Task requirements => For the records below, please print exactly and only the lines from the one with "Foto del edificio - 8020 Shadesbrook Drive" down to the one with "Inondazioni in Cina, evacuati", both ends included, omitting the pictures.

Start of Task material

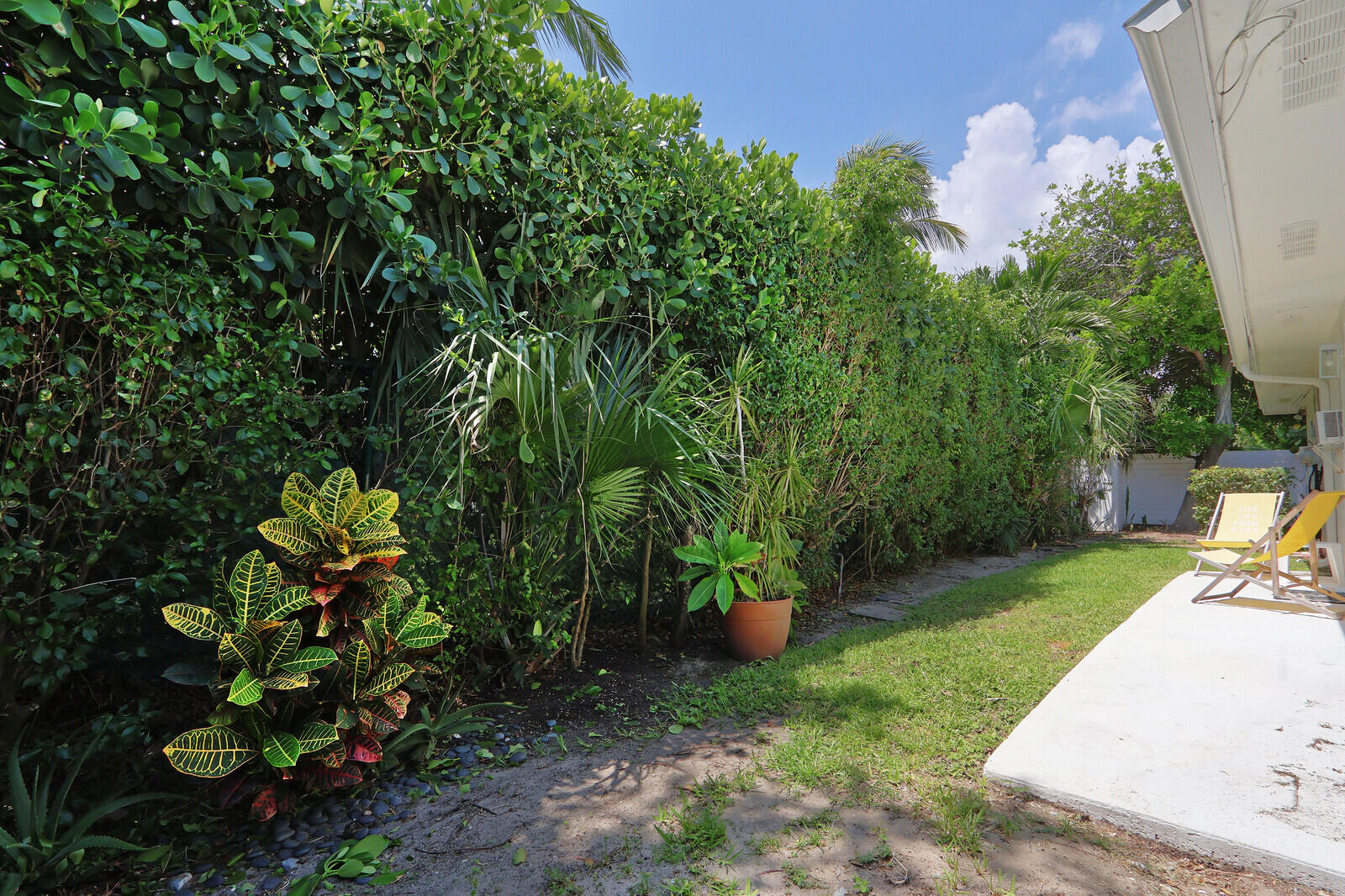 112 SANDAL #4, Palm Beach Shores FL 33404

End of Task material
Start of Task material

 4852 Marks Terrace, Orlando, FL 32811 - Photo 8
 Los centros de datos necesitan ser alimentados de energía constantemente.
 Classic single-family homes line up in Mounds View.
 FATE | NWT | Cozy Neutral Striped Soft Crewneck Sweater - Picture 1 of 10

End of Task material
Start of Task material

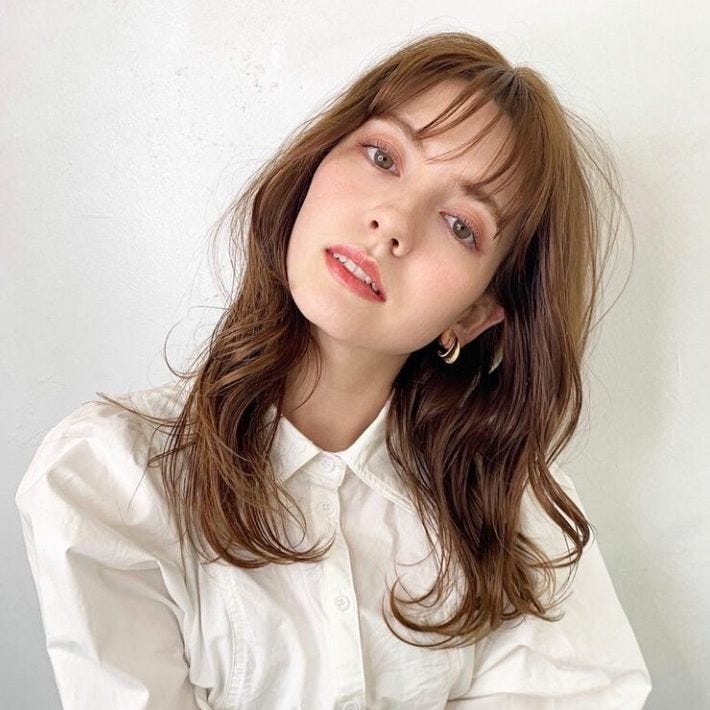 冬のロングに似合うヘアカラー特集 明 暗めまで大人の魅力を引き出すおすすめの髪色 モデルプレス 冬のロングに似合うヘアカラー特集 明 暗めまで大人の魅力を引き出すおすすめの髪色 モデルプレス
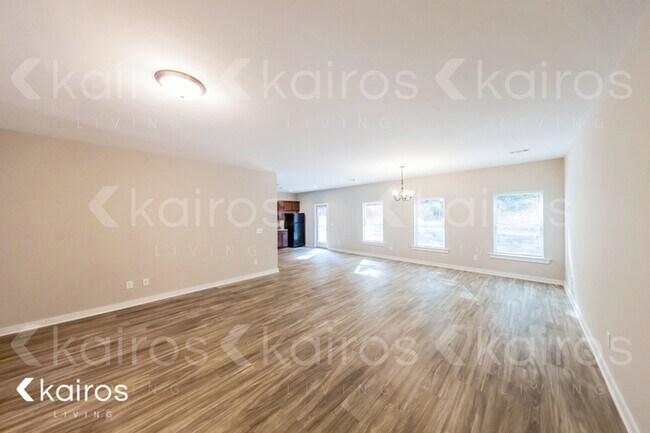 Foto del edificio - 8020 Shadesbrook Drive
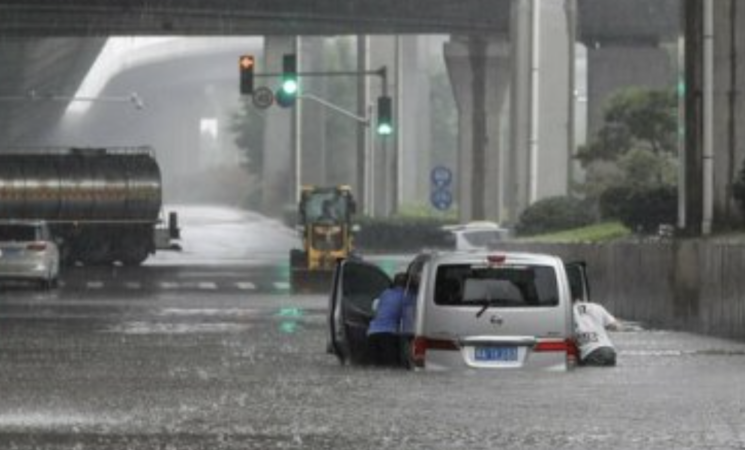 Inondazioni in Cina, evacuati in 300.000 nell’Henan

End of Task material

Response to this exercise =>
 Foto del edificio - 8020 Shadesbrook Drive
 Inondazioni in Cina, evacuati in 300.000 nell’Henan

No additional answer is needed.